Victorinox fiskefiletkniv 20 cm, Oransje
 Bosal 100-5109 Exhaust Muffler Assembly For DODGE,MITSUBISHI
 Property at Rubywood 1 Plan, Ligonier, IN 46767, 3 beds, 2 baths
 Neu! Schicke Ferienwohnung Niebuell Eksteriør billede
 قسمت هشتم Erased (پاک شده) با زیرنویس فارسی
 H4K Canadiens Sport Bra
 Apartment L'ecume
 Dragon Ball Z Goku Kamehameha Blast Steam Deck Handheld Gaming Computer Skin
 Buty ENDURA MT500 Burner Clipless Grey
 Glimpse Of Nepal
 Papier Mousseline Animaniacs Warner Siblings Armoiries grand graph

- - - -

◆ Prompt
Give back each line above precisely as it stands.

◆ Reply to the exercise
Victorinox fiskefiletkniv 20 cm, Oransje
 Bosal 100-5109 Exhaust Muffler Assembly For DODGE,MITSUBISHI
 Property at Rubywood 1 Plan, Ligonier, IN 46767, 3 beds, 2 baths
 Neu! Schicke Ferienwohnung Niebuell Eksteriør billede
 قسمت هشتم Erased (پاک شده) با زیرنویس فارسی
 H4K Canadiens Sport Bra
 Apartment L'ecume
 Dragon Ball Z Goku Kamehameha Blast Steam Deck Handheld Gaming Computer Skin
 Buty ENDURA MT500 Burner Clipless Grey
 Glimpse Of Nepal
 Papier Mousseline Animaniacs Warner Siblings Armoiries grand graph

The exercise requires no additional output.